Another thing we have tried to do is to separate the transportation price from the piece price. That was part of this initiative as well and we probably have a lot of opportunity there yet. It is not the easiest thing to do because when we want to separate out the freight cost from the piece price, we think the freight cost should be one thing and our supplier thinks it should be something else so there always is a negotiation that goes on and it's sometimes not easy. Supply Chain Solutions helps us with that because they have a really good understanding of what the freight costs should be.
Q: Do you negotiate with carriers or does SCS do that?
Miller: That is a joint effort right now. Our transportation group was not ready to let go of that, so SCS helps us identify carriers in specific lanes and negotiate rates. But we do the final negotiation and sign the contract. The agreement is with Haworth so we are still involved in that. However, we have changed carriers in different lanes based on information that we were able to get from SCS.
Q: Have you quantified any savings in a way that you can share?
Miller: In just the lanes where we are collaborating with Steelcase, we saved in excess of 30 percent on freight costs. We measure transportation costs in a number of ways-as a percent of net sales, as a percent of receipts, various different ways. You can't just look at one measurement because so many things go into it. But with the overall initiative, I would say the savings are in excess of $1m and we are continuing to realize savings.
Q: Are there other supply chain projects that you are working on?
Miller: We are in the process of developing a supplier portal. We have one now but it is not very sophisticated-once a day we post on our web site what we require from each supplier. We are going to replace that method with a more robust supplier portal that the Supply Chain Solutions' Technology Group is helping us with. They are going to run it and operate it as an application service provider.

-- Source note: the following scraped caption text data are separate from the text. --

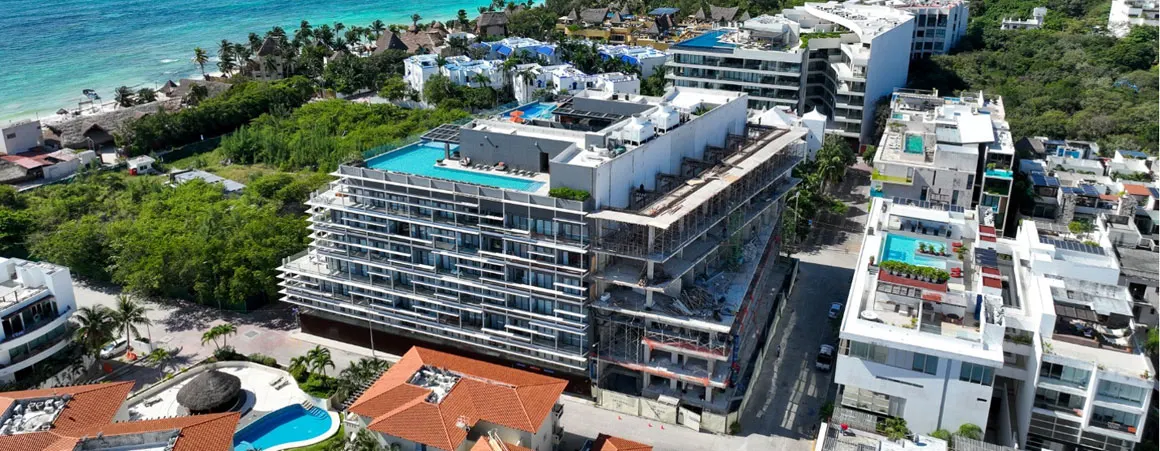 In 2021 I brought my RETA group an exclusive deal in a stunning community called Singular Dream in the heart of Playa del Carmen. The RETA price was from $265,304. In early 2024, two-bed condos were listing there for as much as $574,322. 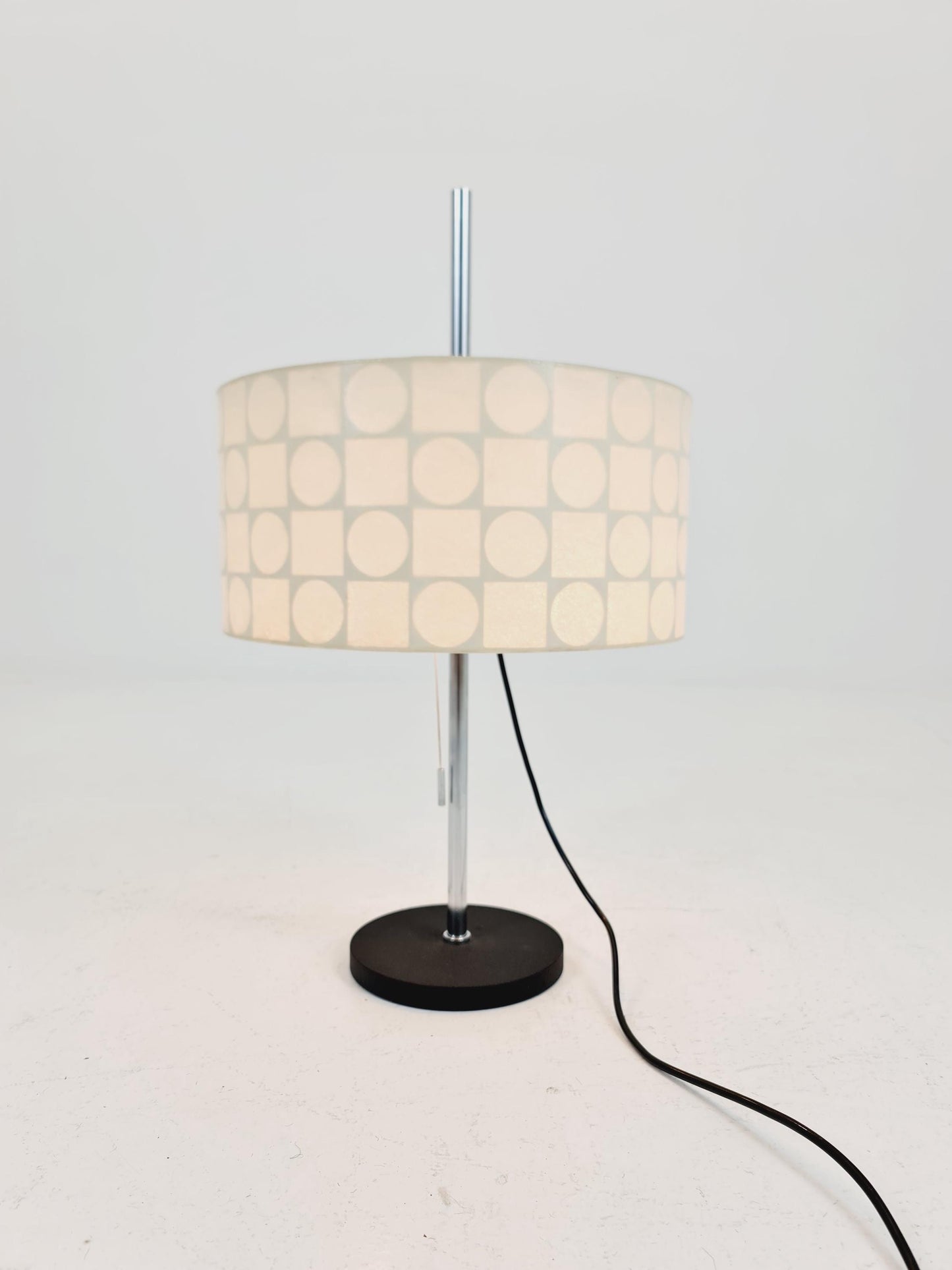 Mid century Super Rare Cocoon Table lamp , by goldkant , 1960s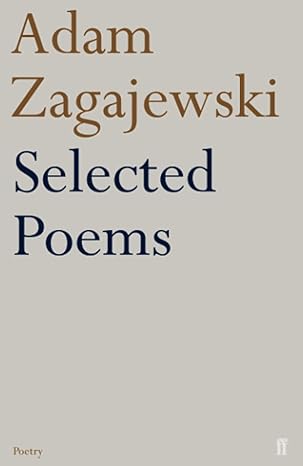 selected poems 1st edition adam zagajewski 0571224253, 978-0571224258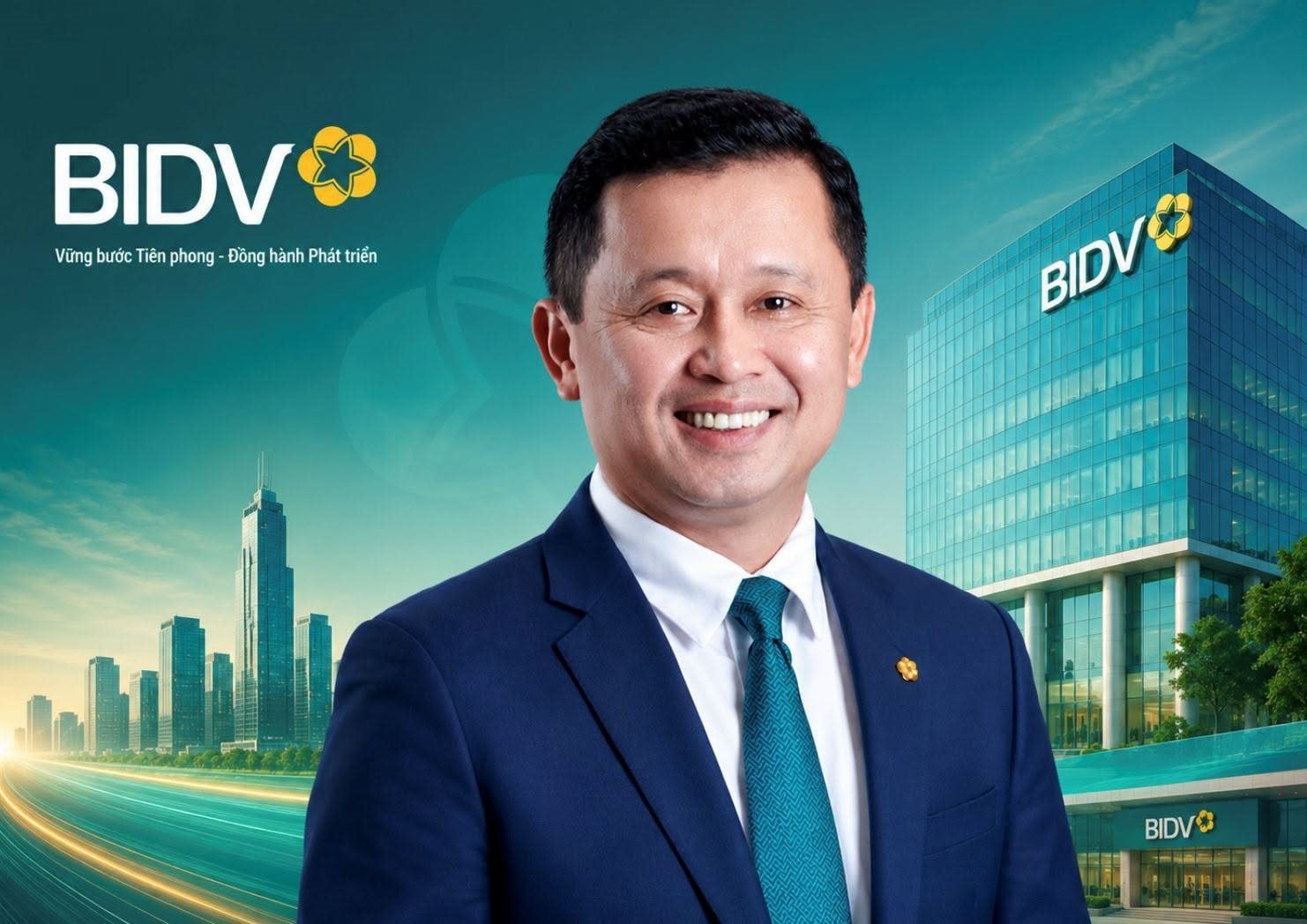Chân dung tân Tổng Giám đốc BIDV Hoàng Việt Hùng: Từ cán bộ chi nhánh Nghệ An đến CEO ngân hàng lớn nhất Việt Nam - Ảnh 1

We will use the portal to enable another initiative that we call e-kanban. Now, our kanban signals are generally faxed to the supplier by someone on the manufacturing floor. It is a very manual process and very difficult to manage through the whole system, especially accounts payable. With e-kanban, we will communicate that signal through our supplier portal. It will all be web-based rather than fax-based, plus we will give all the e-kanban release information to Supply Chain Solutions so they can also manage that transportation. When this information went out on fax, they had no visibility to it. So this will enable them to start managing transportation for all of our kanban parts.